Maintenance of Data Warehouse
Relatively little attention is paid in the literature on the maintenance of data warehouses. This business segment is not only irrelevant in the life cycle of any IT system but the Warehouse perhaps more pronounced than in other applications. Article will present some of the problems in the ‘life’ of data warehouses. Dealing with problems depends primarily on the environment in which the warehouse is in general about and the possibility to actually make anything.
When submitting the product for maintenance it is necessary to have in mind the complexity of data warehouses. Although most procedures and codes are essentially the same thing, it is important and necessary to understand the issues and learn about the production systems from which data are retrieved for the data warehouse.

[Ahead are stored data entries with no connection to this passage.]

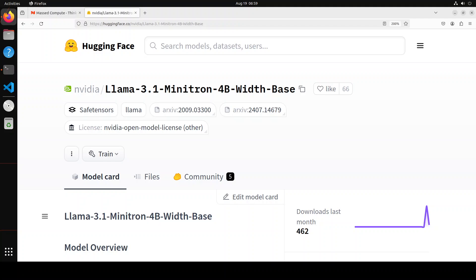And then MLP intermediate dimension was pruned from around 14,000 to just 9,000, and hidden size was pruned from 4,000 to 3,000. Attention head count and number of layers were retained.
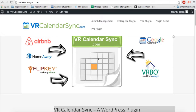Hello and welcome to VR Calendar Sync, a WordPress plugin that allows you to sync all your vacation rental listings into one convenient spot. You can sync Airbnb, HomeAway, FlipKey, Google Calendar, VRBO, and more.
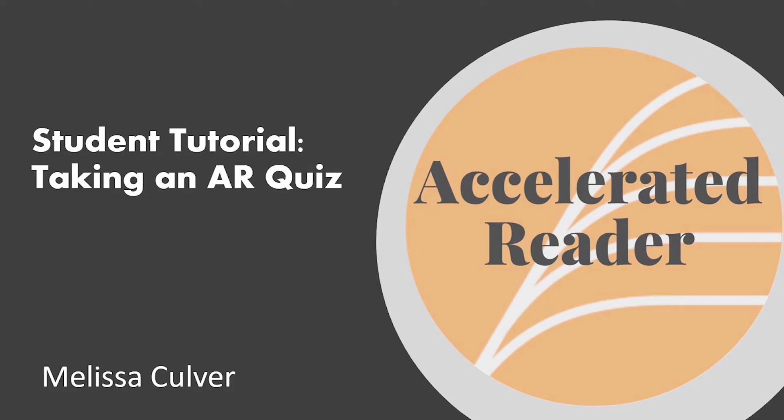Hello and welcome to this training on Accelerated Reader. The purpose of this training is to talk to you about how to log in through Clever and take a quiz.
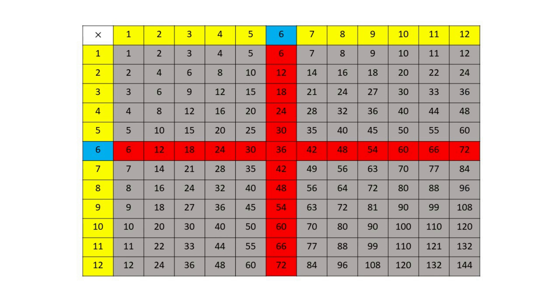Six, twelve, eighteen, twenty-four, thirty, thirty-six, forty-two, forty-eight, fifty-four, sixty, sixty-six, seventy-two.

Person responsible for maintenance will have to learn a lot about all the systems where data are retrieved. One thing should be kept on mind, these production systems are living systems and are subject to change for various reasons, and that they also have their own lifecycle of changes, smaller or bigger. Any changes to the source system can cause error getting data from the source. It should be considered that the standard data warehouse is full of different applications and that the person who maintains the data warehouse should be at least generally familiar with business and process logic of these production systems and is able to evaluate how changes in the source applications, cause changes in the way of the reach and quality of data for data warehousing. A person who deals with maintenance of the warehouse will be very exposed to changes, much more than someone who deals with the maintenance of typical transactional applications. Monitoring possible changes in source systems and responding to them is more complicated than responding to business issues that come into ordinary transactional applications for several reasons:
- Lack of familiarity with the work of transactional sources
- Not being informed about changes
- The complexity of the code change
- Too little time or opportunity to test
For these reasons it is recommended that the DWH developers and administrators working on data warehouse maintenance to be present at all meetings concerning changes in the sources for the data warehouse.

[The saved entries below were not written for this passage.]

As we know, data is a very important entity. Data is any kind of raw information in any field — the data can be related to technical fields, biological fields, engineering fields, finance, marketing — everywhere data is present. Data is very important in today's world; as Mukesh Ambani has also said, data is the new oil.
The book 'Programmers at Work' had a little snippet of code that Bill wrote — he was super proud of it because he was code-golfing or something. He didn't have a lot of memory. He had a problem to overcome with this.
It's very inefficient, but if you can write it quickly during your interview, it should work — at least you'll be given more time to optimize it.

Next important issue of data warehouse maintenance is proper periodical data delete exercise. At a certain moment, DWH will certainly need to delete part of the information. Prudent is not deleted, but consider the possibilities of alternative methods of storing such data. One possibility is in keeping all data in storage system, but the greater the volume of data is - worse is performance, response to inquiries. Although, there are ways to circumvent the problem. Another option is to pull old data from tables and storage in case of possible subsequent calculations. Comparisons of actual archival data is often difficult to make a quality manner, because the business concept has changed, completed the restructuring of income, expenses, etc. If there are no quality transformation tables, comparison will be possible only on the basis of estimations. The process of restoring the old data is often time consuming and restoration of the old data may require several days with a number of employees engaged to create the desired report. Certain databases allow partition table on n logical unit. Some of these units can be virtually excluded in order to shorten response time to inquiries, if necessary parts included. It is therefore not necessary to load table with data and to use parts of the table, which is of course much more elegant solution.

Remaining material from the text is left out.